As nice as it is to rail against PDL BioPharma's (Nasdaq: PDLI) sometimes value-destroying management team, it's hard to complain too much about what it has done the past three months. On Monday, the company announced it had finished off the sale of its commercialized products.

Since acquiring some marketed drugs and development-stage compounds from ESP Pharma in 2005, PDL BioPharma has experienced a string of setbacks, culminating with the failed development of lead drug Nuvion last year and the subsequent resignation of its CEO.

After Nuvion failed, PDL BioPharma announced that it would divest its marketed drugs, and yesterday it completed the sale of its remaining ESP Pharma assets to privately held EKR Therapeutics. In a twist of irony, the same people who ran ESP Pharma when it was sold to PDL BioPharma now lead EKR Therapeutics.

EKR is paying $85 million in up-front cash, as well as another likely $25 million in development milestones for PDL BioPharma's cardiovascular drugs. This is a far cry from the $500 million that PDL BioPharma paid to acquire ESP Pharma back in 2005, but the company already received $200 million from Otsuka Pharmaceuticals in December for one of the drugs it had acquired in the ESP Pharma deal.

Summing it all up, PDL BioPharma looks to be getting about $310 million in nearly guaranteed cash for the former ESP assets. It'll also receive a royalty on sales of one marketed ESP drug and for potential sales milestones. This isn't a bad deal at all, considering that I had figured "in the range of $300 million for the ESP assets" when I broke down what PDL BioPharma was worth last year.

Shares of PDL BioPharma have fallen precipitously in the past two months to almost 50% below what I think its fair value is, with no adverse changes in its outlook. Despite the fall in shares, things are looking brighter than a compact fluorescent bulb for PDL BioPharma now that management has shown it won't break up the company at fire-sale prices.

All of the royalty-producing drugs for PDL BioPharma, developed by other companies but based on its patent for humanized monoclonal antibodies, are growing nicely -- as seen with Genentech's (NYSE: DNA) Avastin.

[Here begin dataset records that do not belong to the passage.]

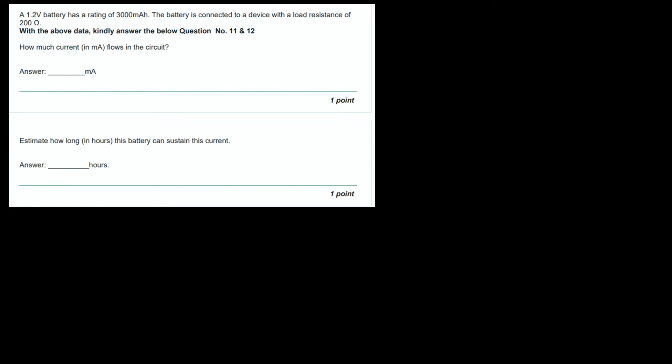Hello students, today we will be doing an electronic system graded assignment for week 1.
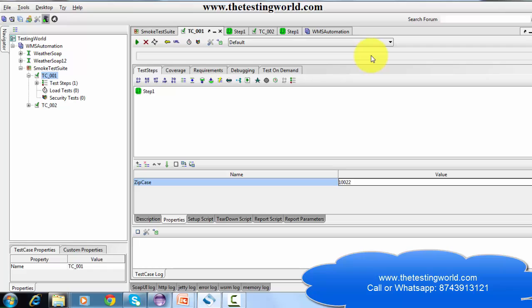All the projects we create in SOAP UI can use global properties. Project level properties can be used inside the project — if we have multiple test suites inside the project, all test suites can use the same properties. Suite level properties can be used inside the test suite across multiple test cases.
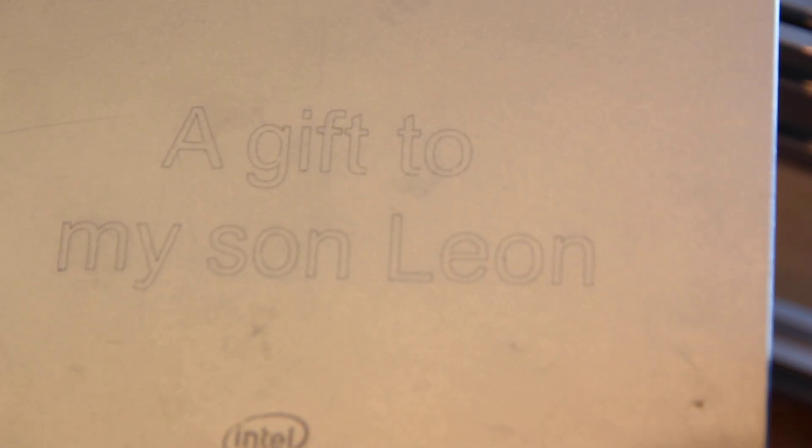So this is a tablet for my son. Now he can play and watch Minecraft on his own tablet.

And new royalty-producing compounds could be on the market this year: AstraZeneca (NYSE: AZN) just filed a marketing application with the Food and Drug Administration for respiratory tract infection treatment motavizumab (good luck saying that three times fast).

Other royalty-producing drugs that just came to market, like Elan's (NYSE: ELN) Tysabri, should bring PDL BioPharma years of revenue growth with these payments, so it's hard to argue that PDL BioPharma isn't trading at an incredible value right now.